Departments from across country in Middle Tenn. to focus on becoming better firefighters

(Photo: WKRN)

MURFREESBORO, Tenn. (WKRN) – Firefighters from departments all across the country are in the Mid-State learning to become better firemen.

They are even applying research about the science of fighting fires.

The firemen are taking research done by the Underwriter’s Laboratory and Fire Safety Research Institute and applying it to real-life scenarios.

It’s as real as it gets with fire and choking smoke.

“Very realistic from what we go through on a daily basis,” said Cobb County Georgia Fire Department Lt. Sean Gray.

(Photo: WKRN)

Hundreds of firemen from all across the country have descended upon Middle Tennessee training as part of the Firehouse Expo.

“Firefighting is a dangerous profession, but with everyone taking the opportunity to come out to Firehouse and learn new tactics and new techniques, hopefully increases their knowledge and makes them a safer firefighter,” said Chad

Christensen of the Los Angeles County California Fire Department. “Our end goal every morning when my crew gets off duty is making sure that all of them get to go home to their families and kids in a safe manner.”

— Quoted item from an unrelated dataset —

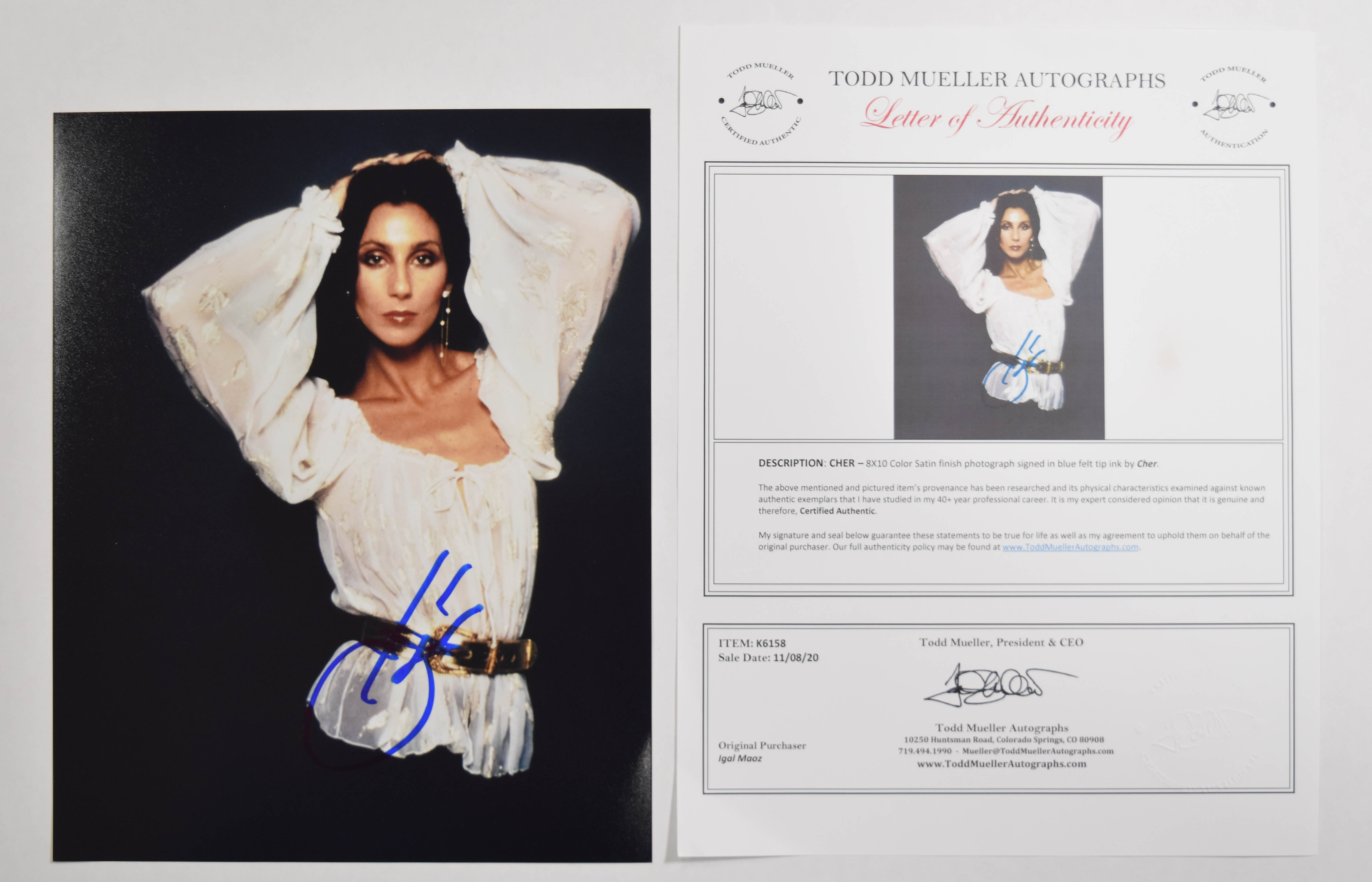 4 Autographed Cher Photographs with COA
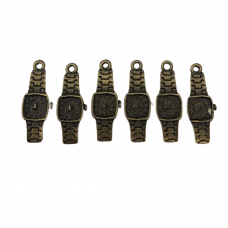 Wrist Watch Charms, Brass, Pack of 6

Here in Murfreesboro, the visiting firemen took real-life scenarios and used the science of fighting fires.

“We take it and bounce it off the ceiling, therefore the water fans out across the ceiling, comes down on the walls, cooling all the temperatures, cooling the surface in that room, takes away the flashover that allows us to transition to the interior to go ahead and allow us to rescue trapped occupants,” Gray said.

They are also debunking myths that if you try to put out a fire while someone is trapped, it could steam or kill them.

“The guys that have been in there now go, ‘Wow! I’m not going to get steamed’ because we just showed it to them first hand,” Gray said.

Fire instructors also want to drive the point home to close before you dose, meaning close the door to your bedroom before you go to sleep in case of a fire.

“That is truly a safe haven for them,” Gray said. “Trapped occupants behind closed doors is a survivable space, outside of closed doors is not a survivable space.”

The on-hands fire training took place at the old Franklin Heights Housing Project in Murfreesboro.

Several of the buildings are currently being torn down and the new Murfreesboro Fire and Police Training Academy will soon be built in its place.

Firehouse Expo is the fastest-growing fire service show in the country and it’s the second year it has been held in Middle Tennessee.

The Expo Conference continues through Saturday.